Photo: Kristian Raum

Als Lehrer für Geschichte und Französisch an einem Dresdner Gymnasium unternahm ich 2014 gemeinsam mit meiner Kollegin Anne-Lise Dainat und Schülerinnen und Schülern einer 10. Klasse eine Exkursion nach Hoyerswerda3. In deren Rahmen fuhrenwir auch nach Nardt, wo uns Elke Roschmann einen sehr anschaulichen Einblick in die Lagergeschichte gab. Dies war für mich Motivation und Anlass, darüber nachzudenken, wie das Schicksal der französischen Kriegsgefangenen künftig verstärkt für den unterrichtlichen Kontext aufbereitet werden könnte. Gelegenheit dazu gab mir das Seminar "Jamais ne désespère. Französische Kriegsgefangene im Lager Elsterhorst 1940-45", welches ich im Sommersemester 2016, nun als Lehrer im Hochschuldienst, an der TU Dresden im Ergänzungsbereich für interessierte Studierende anbot.

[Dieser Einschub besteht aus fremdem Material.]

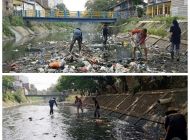 Satgas Citarum Harum Sektor 21-04 Lakukan Pembersihan Sungai Cikapundung di Desa Lengkong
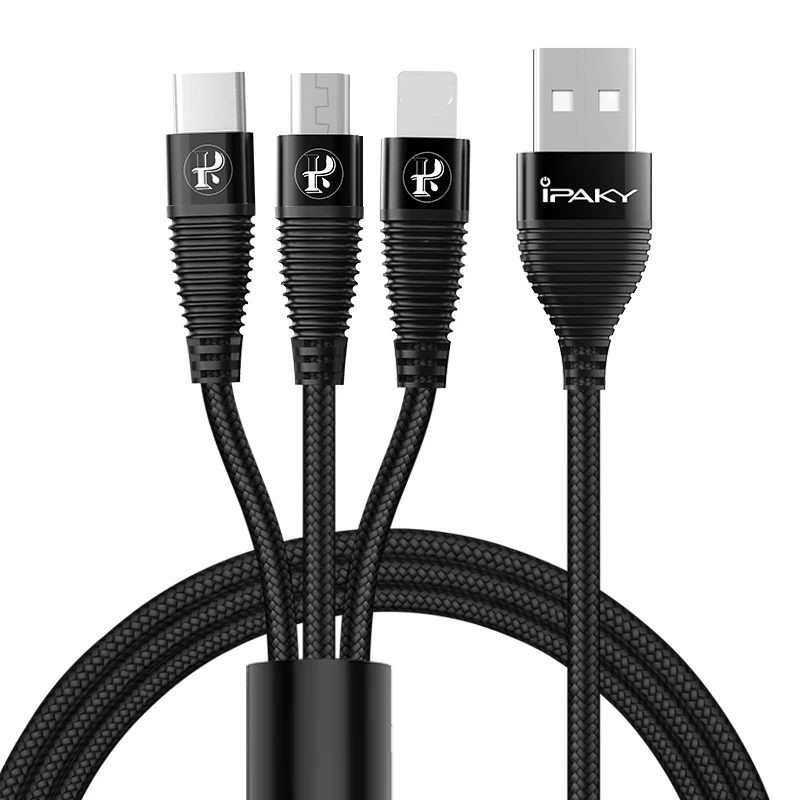 Black IPAKY USB кабель 3 в 1 быстрая зарядка usb-шнур синхронизации данных usb type C кабель для huawei mate 20 P30 для iPhone samsung Xiaomi - Цвет: Black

Ausgehend von weitgehend unerforschten Tagebuchaufzeichnungen, literarischen Texten und Bildern der Gefangenen verschafften sich die Studierenden einen Einblick in die Lebenswelt der französischen Gefangenen und analysierten, mit welchen Strategien die Gefangenen auf ihre Extremsituation reagierten. Die Teilnehmer*innen begannen, ausgewählte historische Dokumente ins Deutsche zu übertragen und reflektierten unter literatur-, kultur- und geschichtsdidaktischen Perspektiven Möglichkeiten ihres Einsatzes im Französisch- und Geschichtsunterricht. Das Seminar fand v.a. als Blockseminar statt und umfasste eine ganztägige Exkursion nach Nardt bzw. zum Stadtmuseum Hoyerswerda. Dort stellte uns Frau Roschmann eine ganze Reihe von Unterlagen zur Verfügung, die wir sichteten, transkribierten und im Hinblick auf ihre mögliche Nutzung im schulischen Kontext überprüften.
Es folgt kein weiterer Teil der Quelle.